The service I have had from them has been shocking. Grinder pro bought 2nd hand missing the cradle for a 58mm portafilter. Emailed and asked if I could buy one. Was told yes and the price but not how to order one. Eventually got through to them....took over 10 minutes to order the part and they already had all my information. Part was £3.50 and £2.49 postage. Amazed as next working day turned up via courier - great service....but wrong part sent. Was a juicing basket, which as I wasn't expect anything sharp, I cut my hand on as I took it out of the packaging. Since receipt I have rung several times and received a message saying they are operating limited hours due to Christmas....I have left 3 voicemails and sent 3 enquiries and have not had a response at all. Proper rubbish service.....good luck...!!


----------



## PHB1969

...so after raising my issue via twitter, the part arrived today...a tiny portafilter holder in a massive box....!


----------



## joey24dirt

I had a similar experience with them with regards to it taking forever. I think they have people working for them who don't actually know what they are selling. But with every job you have to allow a period of learning so hopefully they have a better understanding now. Last time I rang them they mentioned a new website is in production to make it easier to order parts. Fingers crossed


----------



## ajohn

What they aught to have is web pages like these for all of their machines just like this site does.
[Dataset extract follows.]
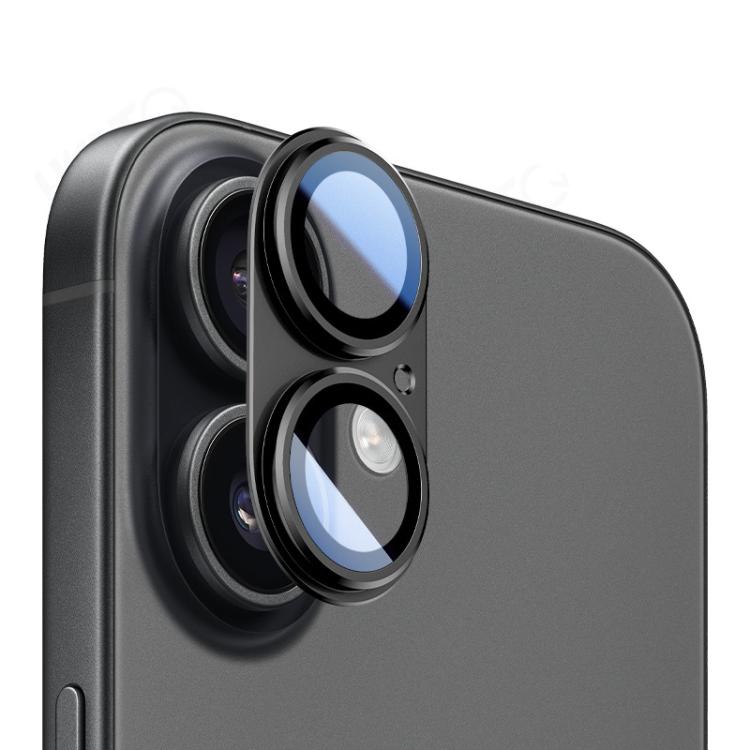 Full Coverage Frosted Metal Lens Protector For iPhone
I tried filling in and order out of curiosity but no facility to send to the UK.

https://www.brevilleusa.com/collections/bes870xl-parts

The reason that UK Sage may be slow to respond is that it looks like they don't actually handle the spares or repairs themselves. That seems to be done by these people.

http://coffeeclassics.co.uk/what-we-do/machine-repair-or-breakdown/

Where there probably is a need to involve Sage is when the unit is under their warrantee or maybe certain parts such as the miserable number of them they show on their own website. There could be others though.

The other problem may be that sometimes outfits like Sage UK are really very small wings of bigger companies.

One thing for sure is that from looking around they don't do themselves any good at all in the way they currently handle spares/repairs.

John

-


----------